El cabo del Ejército Rebelde Abelardo Rodríguez, herido durante el ataque, narraba así lo vivido, en el periódico Sierra Maestra de la época: «El avión bajó que parecía iba a aterrizar (…) Estábamos llenos de confianza, pues creíamos que era de los nuestros. De pronto comenzó a tirar contra nuestra posta y sentí que me herían en un brazo; de todas formas fui para la ametralladora y la monté, pero se me entumeció totalmente el brazo y no pude hacer fuerza. Ya se había generalizado la balacera entre los aviones y nuestra gente, y empezaban a explotar bombas. Cuando inutilizaron la 50, las demás postas ya hacían lo suyo».
Contra la infamia
Según aportan investigaciones históricas, bombas de cien libras, de fabricación yanqui, fueron lanzadas en el Antonio Maceo, mientras que ametralladoras calibre 50 acribillaban desde el aire las instalaciones.
El saldo fue de cuatro aviones destruidos, entre estos un DC3 de la Compañía Cubana de Aviación, que se incendió y estalló un momento después, envuelto en llamas.

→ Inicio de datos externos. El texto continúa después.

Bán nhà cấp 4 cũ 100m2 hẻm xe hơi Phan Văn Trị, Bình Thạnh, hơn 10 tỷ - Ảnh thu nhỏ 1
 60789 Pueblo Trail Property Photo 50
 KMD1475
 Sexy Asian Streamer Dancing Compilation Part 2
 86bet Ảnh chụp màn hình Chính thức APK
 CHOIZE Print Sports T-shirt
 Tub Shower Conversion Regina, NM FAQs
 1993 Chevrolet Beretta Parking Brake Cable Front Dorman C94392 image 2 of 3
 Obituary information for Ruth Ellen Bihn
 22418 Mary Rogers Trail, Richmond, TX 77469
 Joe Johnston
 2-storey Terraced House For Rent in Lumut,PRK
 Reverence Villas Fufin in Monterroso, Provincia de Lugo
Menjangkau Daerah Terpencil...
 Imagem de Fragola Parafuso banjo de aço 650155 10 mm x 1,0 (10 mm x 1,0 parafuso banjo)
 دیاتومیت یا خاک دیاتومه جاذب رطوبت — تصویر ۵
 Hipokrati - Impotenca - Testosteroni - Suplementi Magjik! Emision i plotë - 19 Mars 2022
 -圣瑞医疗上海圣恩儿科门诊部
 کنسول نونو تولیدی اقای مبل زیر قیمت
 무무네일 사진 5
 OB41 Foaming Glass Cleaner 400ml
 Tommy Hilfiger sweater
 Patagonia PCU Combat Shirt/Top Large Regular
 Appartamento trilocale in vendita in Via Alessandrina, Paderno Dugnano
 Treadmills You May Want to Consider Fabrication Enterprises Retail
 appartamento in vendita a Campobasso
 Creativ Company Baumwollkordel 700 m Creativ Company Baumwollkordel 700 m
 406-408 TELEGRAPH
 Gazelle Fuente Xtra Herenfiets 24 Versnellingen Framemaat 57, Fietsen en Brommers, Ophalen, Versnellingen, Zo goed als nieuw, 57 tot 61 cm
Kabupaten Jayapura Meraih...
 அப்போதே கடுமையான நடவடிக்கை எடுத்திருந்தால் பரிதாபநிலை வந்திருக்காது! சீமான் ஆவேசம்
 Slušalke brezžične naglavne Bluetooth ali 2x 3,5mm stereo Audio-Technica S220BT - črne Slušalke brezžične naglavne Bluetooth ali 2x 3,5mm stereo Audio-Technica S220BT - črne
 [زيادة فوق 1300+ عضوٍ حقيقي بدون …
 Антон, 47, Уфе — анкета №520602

Cuatro soldados fueron heridos, y uno de los proyectiles se hundió en el pecho de bronce del busto de Maceo en el centro; depósitos de gasolina estallaron y una lluvia de balas inundó el lugar, sin que ninguno de los hombres perdiera la ecuanimidad.
«Al finalizar el artero ataque comenzamos a trasladar los heridos hacia las ambulancias, mientras nuestros bomberos sofocaban las llamas. Obreros y pobladores de la ciudad de Santiago de Cuba, vistiendo el uniforme de la Milicia, comenzaron a llegar…
«Sin pensar en el peligro se dirigían hacia donde ardían los aviones dañados y trataban de extinguir el incendio, de salvar lo que fuera útil», contarían al otro día los protagonistas a la prensa.
Ante aquella declaración de guerra sin previo aviso, el pueblo indignado reaccionó con unidad.
«El hecho arrimó a la juventud a la Revolución», explicó por estos días a la radio local Eduardo Rodríguez Ernesto, un santiaguero que tras ver por la ventana de su casa, en el reparto 30 de Noviembre, a los aviones sobrevolando el aeropuerto, se presentó en el aeródromo.
«Aquello era un infierno. Un Catalina y un B-26 que estaban preparados para salir, ardían. Sonaban bombas y había fuego por dondequiera; pero allí estaba el pueblo, junto a los artilleros, guapeando», enfatizó Rodríguez Ernesto, cuya actuación fue decisiva para sacar de la pista una pipa de combustible de alto octanaje encendida, la que de haber explotado hubiera acrecentado la tragedia.
Así, con el concurso apretado de los santiagueros en una hora quedó sofocado el incendio provocado por el bombardeo enemigo. Para entonces ya había amanecido en Santiago de Cuba el 15 de abril de 1961 y lo vivido era el preludio de la invasión mercenaria a Playa Girón.
Después de unas 72 horas de aquel suceso, con la primera derrota del imperialismo yanqui en América Latina, un pueblo entero dignificaba aquella herida del Titán de Bronce y sembraba en la historia el heroísmo de jóvenes como Orestes Acosta, y de imberbes trabajadores y artilleros, casi niños, que harían al enemigo fallar en sus cálculos.
Su sangre junto a la Patria queda
«Cuando con sangre escribe FIDEL, este soldado que por la Patria muere, no digáis miserere: esa sangre es el símbolo de la Patria que vive».
Con estos versos de La sangre numerosa, del Poeta Nacional Nicolás Guillén, quedó sintetizado en la historia el simbolismo que entrañó el gesto conmovedor del joven Eduardo García, quien un día como hoy cayó bajo la metralla de la aviación enemiga, en el ataque que, al igual que en el aeropuerto de Santiago de Cuba y de San Antonio de los Baños, perpetraron los mercenarios contra el de Ciudad Libertad.
En la madrugada del 15 de abril de 1961, la carga del avión enemigo B-26, alcanzó al joven artillero de solo 25 años de edad. Mientras se le escapaba la vida, el hijo de Ángel García y María Delgado sacó fuerzas para con su propia sangre escribir el nombre de Fidel en una puerta de madera.
Su gesto se convirtió en uno de los testimonios de coraje y fidelidad más conmovedores, y en uno de los más impresionantes legados de la victoria frente al ataque mercenario de abril de 1961.